# Please help



## taekwondogirl0821 (Jul 21, 2011)

Ok I'm going to get right out and say it I'm married and we're expecting our first child together in March.My husband work 8:30-5 and doesn't get home until 5:30 but we live with his family so we don't get any alone time until 10 minutes before bed. Anyway One of my problems is that his mom is verbally abusive towards me and alot of the time he just takes whatever it is she says and beleives it. It causes alot of fights. Also he never wants to hear where I'm coming from on things. He takes me to see my mom and grandma(who I was super close to before everything)once every other week. But yet he doesn't underdstand I miss them and would love to see them more.I'm just wondering if I should leave or if I should stay for our baby's sake


----------



## tacoma (May 1, 2011)

How long have you been married?

I`m thinking the majority of your troubles would be gone if you guys simply got your own place.


----------



## taekwondogirl0821 (Jul 21, 2011)

We've been married 4 mths today.


----------



## tacoma (May 1, 2011)

Ok, don`t leave him just yet lets see if you can salvage something here.

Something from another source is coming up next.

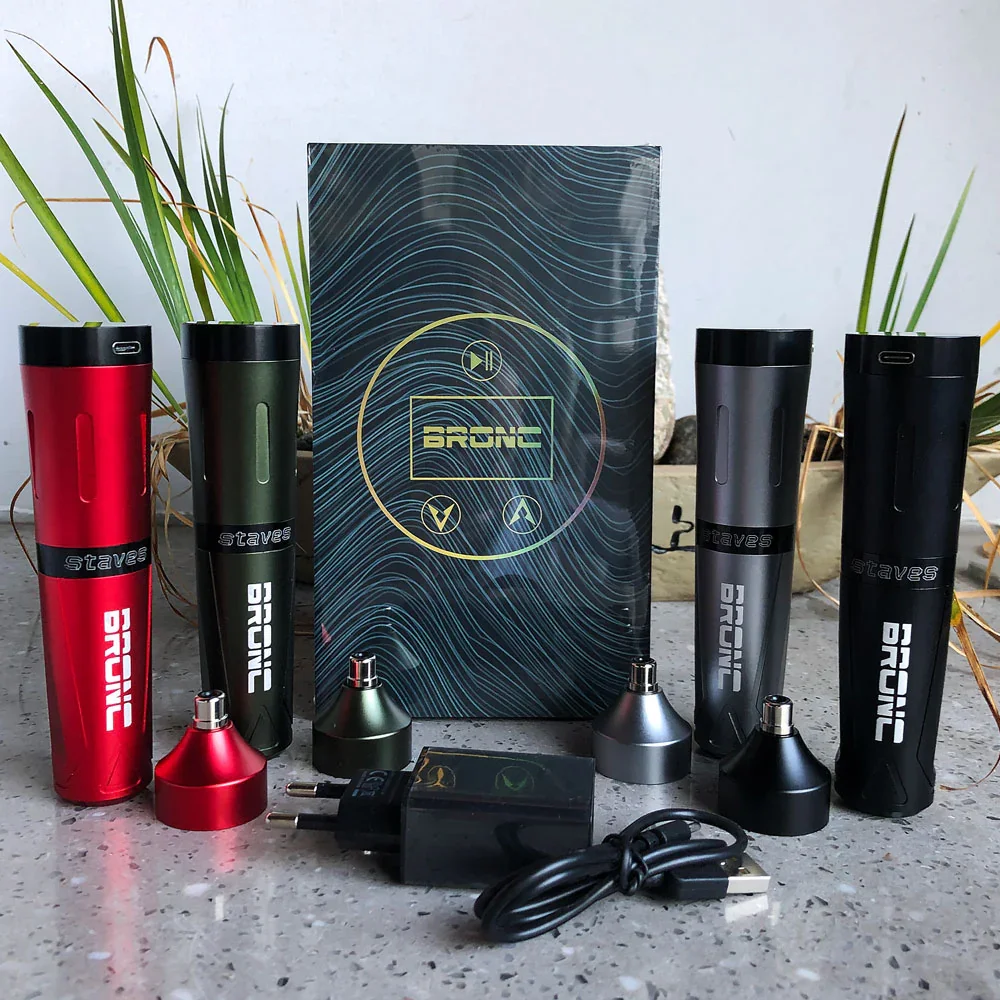 

Беспроводная ручка для татуировки Bronc STAVES, профессиональное оборудование для тату-пулемета PMU, бессердечный двигатель, ЖК-экран, аккумулятор 1800 мАч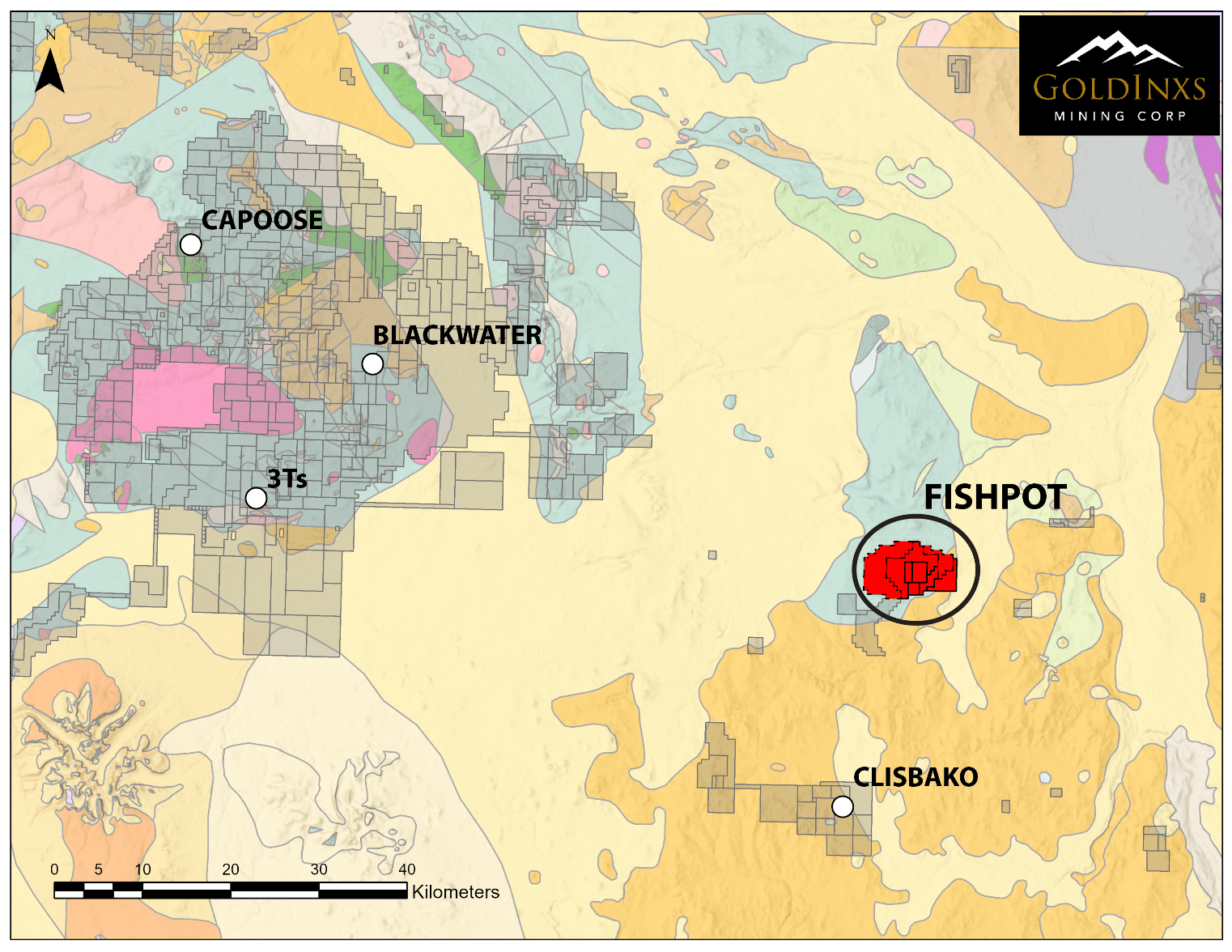 Image 1: Regional location of Fishpot relative to Blackwater, Capoose, 3Ts, and Clisbako projects.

As I said before your biggest problem seems to be your living arrangements.
If you weren`t always dealing with your MIL on a daily basis in her home the vast majority of these problems would magically disappear...yes?

This gives you your first goal.

1. Get your own place and the two of you move out of his moms house.

Now I know you`re going to say this isn`t financially possible but I`m telling you if it doesn`t happen soon you`ll be moving out anyway without your husband.

You guys also sound very young, what are your ages?

The youth problem is that he probably doesn`t have much experience with the give and take compromises needed to make a long term relationship work.

You are going to have to be the grown up here.
You need to sit down with him and tell him you need to talk about a subject that are going to upset him but you need him to be calm, rational, and understanding.
Then start in on the problem.
Use a lot of "I" phrases to avoid him getting all defensive and shutting down or getting angry.

Don`t say...

"YOUR mother is driving me nuts and YOU don`t stand up for me and I can`t take the way YOU make me feel".

Do say...

I am not comfortable here in this house as ( MIL`s name)(don`t say "YOUR mother") stresses me out and I need more support from you(That ones ok as it`s not accusatory)as I`m carrying OUR baby and it`s a lot of pressure on me at a time when I should be able to feel secure in OUR environment.

Talk to him about the resources needed to get the hell out of there.
Talk about a possible time frame for getting the hell out of there.

Do all of this in a gentle, rational, calm, manner.

If he starts to get upset ask him to please not get mad at you because this is a subject WE need to talk about because it`s really difficult for me right now.

Try this before you do anything but I will tell you that as a husband no one comes before my wife.
No one speaks ill of her in front of me.
No one dares abuse her with my knowledge

Even if she is wrong I have her back, I may later get her alone in the bedroom and ask her "What the hell did you think you were doing?' but I never, ever undermine her in from of anyone else nor do I allow anyone to give her an ounce of **** in front of me.

If your husband can`t eventually get on board with putting you first and foremost, especially with his family you will never make it.
But that`s a project you can work on after this living arrangement has been fixed.


----------



## Uptown (Mar 27, 2010)

:iagree:Great post, Takoma!


----------



## taekwondogirl0821 (Jul 21, 2011)

Thanks this helps I'll try it.


----------